Beautiful Creatures is a paranormal romance novel set in Gatlin, South Carolina. Our narrator, Ethan, has lived in Gatlin his whole life, while Lena is new in town. This is an interesting choice for the setting, because it introduces something that is missing from some other popular paranormal romance novels. Specifically, the setting of Gatlin, right in the heart of the Bible Belt, introduces a prejudice against magic that is often not present in paranormal novels of any type, not just romance. This extra element of tension caused by the prejudice of the townspeople is an interesting aspect to the story.

Thankfully, Beautiful Creatures avoids the love triangle that is currently so popular in YA romance stories, paranormal or not. The authors torment our main characters, Lena and Ethan through other means, such as the persecution they suffer from the people of Gatlin, and the disapproval of their relationship by their families. In addition to this tension, we have The Curse.

The Curse is something that was brought on Lena’s family over a century ago during the Civil War. On their sixteenth birthday, members of her family will be claimed either for the light or the dark, and they have no control over which way they will go. Lena is constantly terrified that she will be taken for the dark, and she sees signs everywhere that her claiming has begun long before her birthday arrives.

In addition to Lena and Ethan, there are several important characters in the story who influence the plot. These characters include Macon Ravenwood (Lena’s uncle), Amma (Ethan’s housekeeper) and Marian Ashcroft (the town librarian). The character development for all of the story worked well, and it helps the reader enter the story, leaving the real world behind for a while. The other major method of character development is Lena and Ethan’s Kelting ability. This ability allows them to speak telepathically, and shows their thoughts throughout the book. It’s an interesting narrative device, but one I could have lived without.
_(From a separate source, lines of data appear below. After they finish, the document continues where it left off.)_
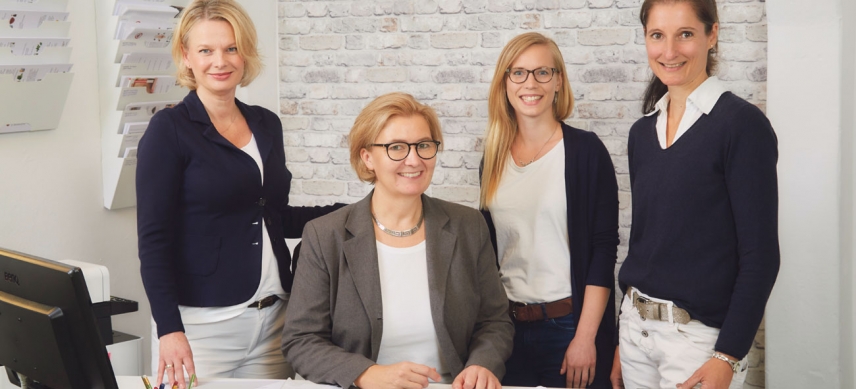 Dr. Bettina Jagemann (sitzend) und Daria Kähler (2.v.r.) bieten neue Ernährungs-Kurse an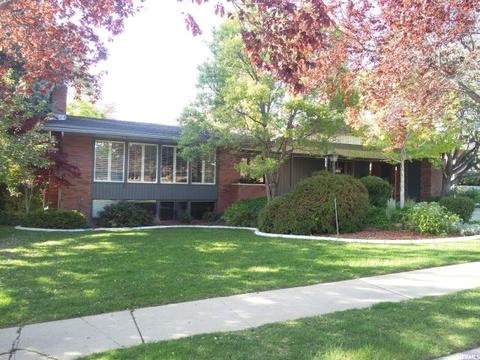 1386 E Laird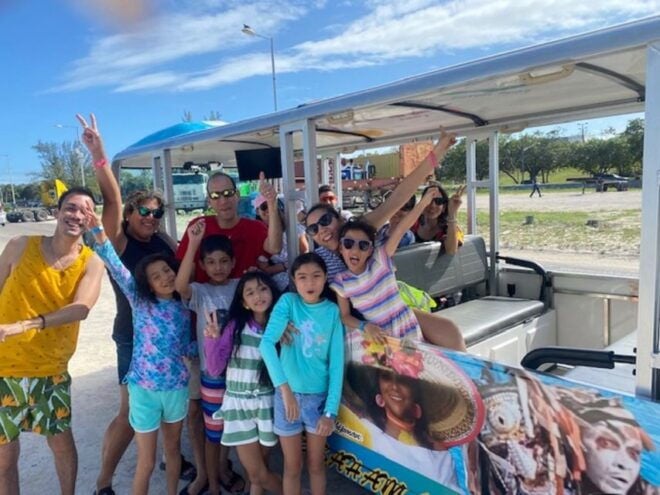 Nassau: Bahamas Culture Tour With Electric Trolley and Water - Experience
The climax of the story is one that could have been tightened up. In fact, that is my major complaint about this book in general. The paperback version of this book is nearly 600 pages long. That’s long for a YA novel. Really long. I suspect that the idea with the length was to give the story a slow southern feel. Unfortunately, it means the book meanders a bit. Some additional editing could probably have tightened this book up quite a bit. We didn’t need quite so many scenes showing how mean the townspeople were, and the climax is just a little bit all over the place. Overall though, the character development saves the story. I was rooting for Ethan and Lena by the end, and I wanted them to find a way through all the issues they were having to be together. This book is the first part of a quartet however, and so even with the climactic final battle, there is no true resolution.

Ultimately, I enjoyed the book, I would read it again, and I would recommend it to others. 4 out of 5 stars.